About this task:
What is needed is an exact copy of every line in the listing.
════
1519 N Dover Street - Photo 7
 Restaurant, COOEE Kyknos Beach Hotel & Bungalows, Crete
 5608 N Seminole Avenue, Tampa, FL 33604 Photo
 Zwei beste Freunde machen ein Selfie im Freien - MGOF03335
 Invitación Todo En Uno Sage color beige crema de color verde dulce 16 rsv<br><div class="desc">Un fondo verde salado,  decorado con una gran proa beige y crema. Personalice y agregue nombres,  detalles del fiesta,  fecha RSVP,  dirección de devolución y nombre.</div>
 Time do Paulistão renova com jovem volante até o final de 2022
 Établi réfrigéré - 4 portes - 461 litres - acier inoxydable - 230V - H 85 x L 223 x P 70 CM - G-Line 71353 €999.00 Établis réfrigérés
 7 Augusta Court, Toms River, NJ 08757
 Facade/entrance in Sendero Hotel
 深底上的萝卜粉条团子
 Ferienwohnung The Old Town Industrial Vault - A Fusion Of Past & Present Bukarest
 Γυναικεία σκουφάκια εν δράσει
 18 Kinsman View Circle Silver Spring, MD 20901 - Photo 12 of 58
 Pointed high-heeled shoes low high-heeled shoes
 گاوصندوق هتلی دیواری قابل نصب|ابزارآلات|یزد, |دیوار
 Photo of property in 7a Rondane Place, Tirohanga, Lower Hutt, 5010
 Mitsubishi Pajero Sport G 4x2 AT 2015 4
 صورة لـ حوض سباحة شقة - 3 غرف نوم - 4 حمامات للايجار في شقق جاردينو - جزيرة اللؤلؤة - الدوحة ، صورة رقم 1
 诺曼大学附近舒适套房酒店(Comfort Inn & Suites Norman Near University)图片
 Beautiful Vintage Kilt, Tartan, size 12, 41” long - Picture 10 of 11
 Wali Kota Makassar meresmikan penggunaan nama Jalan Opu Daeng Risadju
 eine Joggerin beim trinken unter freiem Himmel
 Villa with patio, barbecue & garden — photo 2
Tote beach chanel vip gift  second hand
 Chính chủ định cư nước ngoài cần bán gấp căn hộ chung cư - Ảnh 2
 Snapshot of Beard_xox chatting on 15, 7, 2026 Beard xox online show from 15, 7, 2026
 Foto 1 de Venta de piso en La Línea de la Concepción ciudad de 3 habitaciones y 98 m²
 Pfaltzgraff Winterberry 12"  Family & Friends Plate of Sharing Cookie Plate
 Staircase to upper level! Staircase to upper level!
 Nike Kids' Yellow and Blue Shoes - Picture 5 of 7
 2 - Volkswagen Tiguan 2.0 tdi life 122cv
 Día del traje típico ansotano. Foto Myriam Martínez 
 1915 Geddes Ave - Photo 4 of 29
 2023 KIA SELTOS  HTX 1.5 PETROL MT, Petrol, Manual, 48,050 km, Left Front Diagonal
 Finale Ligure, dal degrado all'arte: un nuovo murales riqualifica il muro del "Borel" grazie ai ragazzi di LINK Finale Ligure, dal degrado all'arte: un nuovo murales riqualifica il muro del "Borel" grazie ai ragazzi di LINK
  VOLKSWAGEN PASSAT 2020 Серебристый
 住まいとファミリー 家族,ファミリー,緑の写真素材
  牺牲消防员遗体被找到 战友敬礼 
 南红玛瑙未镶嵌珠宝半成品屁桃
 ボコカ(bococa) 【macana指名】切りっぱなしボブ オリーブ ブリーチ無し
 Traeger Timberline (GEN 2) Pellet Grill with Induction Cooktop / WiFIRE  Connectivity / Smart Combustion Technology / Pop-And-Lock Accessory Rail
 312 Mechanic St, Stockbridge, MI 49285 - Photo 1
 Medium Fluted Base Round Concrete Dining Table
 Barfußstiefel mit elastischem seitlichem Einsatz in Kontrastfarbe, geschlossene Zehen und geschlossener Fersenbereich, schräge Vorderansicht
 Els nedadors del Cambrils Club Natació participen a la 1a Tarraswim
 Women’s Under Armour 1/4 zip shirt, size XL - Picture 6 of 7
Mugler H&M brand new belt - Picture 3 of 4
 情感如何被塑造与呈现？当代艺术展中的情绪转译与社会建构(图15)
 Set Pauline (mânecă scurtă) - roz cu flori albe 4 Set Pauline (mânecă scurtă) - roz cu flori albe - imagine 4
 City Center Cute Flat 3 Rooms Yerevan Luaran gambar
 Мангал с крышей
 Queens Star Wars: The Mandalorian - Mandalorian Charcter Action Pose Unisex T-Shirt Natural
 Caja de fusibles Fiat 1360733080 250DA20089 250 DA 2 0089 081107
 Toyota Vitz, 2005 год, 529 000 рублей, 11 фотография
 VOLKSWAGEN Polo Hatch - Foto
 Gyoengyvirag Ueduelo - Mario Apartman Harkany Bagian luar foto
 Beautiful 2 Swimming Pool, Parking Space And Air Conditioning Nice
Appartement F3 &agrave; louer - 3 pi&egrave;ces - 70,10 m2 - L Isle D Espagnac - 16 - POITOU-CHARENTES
════
Result:
1519 N Dover Street - Photo 7
 Restaurant, COOEE Kyknos Beach Hotel & Bungalows, Crete
 5608 N Seminole Avenue, Tampa, FL 33604 Photo
 Zwei beste Freunde machen ein Selfie im Freien - MGOF03335
 Invitación Todo En Uno Sage color beige crema de color verde dulce 16 rsv<br><div class="desc">Un fondo verde salado,  decorado con una gran proa beige y crema. Personalice y agregue nombres,  detalles del fiesta,  fecha RSVP,  dirección de devolución y nombre.</div>
 Time do Paulistão renova com jovem volante até o final de 2022
 Établi réfrigéré - 4 portes - 461 litres - acier inoxydable - 230V - H 85 x L 223 x P 70 CM - G-Line 71353 €999.00 Établis réfrigérés
 7 Augusta Court, Toms River, NJ 08757
 Facade/entrance in Sendero Hotel
 深底上的萝卜粉条团子
 Ferienwohnung The Old Town Industrial Vault - A Fusion Of Past & Present Bukarest
 Γυναικεία σκουφάκια εν δράσει
 18 Kinsman View Circle Silver Spring, MD 20901 - Photo 12 of 58
 Pointed high-heeled shoes low high-heeled shoes
 گاوصندوق هتلی دیواری قابل نصب|ابزارآلات|یزد, |دیوار
 Photo of property in 7a Rondane Place, Tirohanga, Lower Hutt, 5010
 Mitsubishi Pajero Sport G 4x2 AT 2015 4
 صورة لـ حوض سباحة شقة - 3 غرف نوم - 4 حمامات للايجار في شقق جاردينو - جزيرة اللؤلؤة - الدوحة ، صورة رقم 1
 诺曼大学附近舒适套房酒店(Comfort Inn & Suites Norman Near University)图片
 Beautiful Vintage Kilt, Tartan, size 12, 41” long - Picture 10 of 11
 Wali Kota Makassar meresmikan penggunaan nama Jalan Opu Daeng Risadju
 eine Joggerin beim trinken unter freiem Himmel
 Villa with patio, barbecue & garden — photo 2
Tote beach chanel vip gift  second hand
 Chính chủ định cư nước ngoài cần bán gấp căn hộ chung cư - Ảnh 2
 Snapshot of Beard_xox chatting on 15, 7, 2026 Beard xox online show from 15, 7, 2026
 Foto 1 de Venta de piso en La Línea de la Concepción ciudad de 3 habitaciones y 98 m²
 Pfaltzgraff Winterberry 12"  Family & Friends Plate of Sharing Cookie Plate
 Staircase to upper level! Staircase to upper level!
 Nike Kids' Yellow and Blue Shoes - Picture 5 of 7
 2 - Volkswagen Tiguan 2.0 tdi life 122cv
 Día del traje típico ansotano. Foto Myriam Martínez 
 1915 Geddes Ave - Photo 4 of 29
 2023 KIA SELTOS  HTX 1.5 PETROL MT, Petrol, Manual, 48,050 km, Left Front Diagonal
 Finale Ligure, dal degrado all'arte: un nuovo murales riqualifica il muro del "Borel" grazie ai ragazzi di LINK Finale Ligure, dal degrado all'arte: un nuovo murales riqualifica il muro del "Borel" grazie ai ragazzi di LINK
  VOLKSWAGEN PASSAT 2020 Серебристый
 住まいとファミリー 家族,ファミリー,緑の写真素材
  牺牲消防员遗体被找到 战友敬礼 
 南红玛瑙未镶嵌珠宝半成品屁桃
 ボコカ(bococa) 【macana指名】切りっぱなしボブ オリーブ ブリーチ無し
 Traeger Timberline (GEN 2) Pellet Grill with Induction Cooktop / WiFIRE  Connectivity / Smart Combustion Technology / Pop-And-Lock Accessory Rail
 312 Mechanic St, Stockbridge, MI 49285 - Photo 1
 Medium Fluted Base Round Concrete Dining Table
 Barfußstiefel mit elastischem seitlichem Einsatz in Kontrastfarbe, geschlossene Zehen und geschlossener Fersenbereich, schräge Vorderansicht
 Els nedadors del Cambrils Club Natació participen a la 1a Tarraswim
 Women’s Under Armour 1/4 zip shirt, size XL - Picture 6 of 7
Mugler H&M brand new belt - Picture 3 of 4
 情感如何被塑造与呈现？当代艺术展中的情绪转译与社会建构(图15)
 Set Pauline (mânecă scurtă) - roz cu flori albe 4 Set Pauline (mânecă scurtă) - roz cu flori albe - imagine 4
 City Center Cute Flat 3 Rooms Yerevan Luaran gambar
 Мангал с крышей
 Queens Star Wars: The Mandalorian - Mandalorian Charcter Action Pose Unisex T-Shirt Natural
 Caja de fusibles Fiat 1360733080 250DA20089 250 DA 2 0089 081107
 Toyota Vitz, 2005 год, 529 000 рублей, 11 фотография
 VOLKSWAGEN Polo Hatch - Foto
 Gyoengyvirag Ueduelo - Mario Apartman Harkany Bagian luar foto
 Beautiful 2 Swimming Pool, Parking Space And Air Conditioning Nice
Appartement F3 &agrave; louer - 3 pi&egrave;ces - 70,10 m2 - L Isle D Espagnac - 16 - POITOU-CHARENTES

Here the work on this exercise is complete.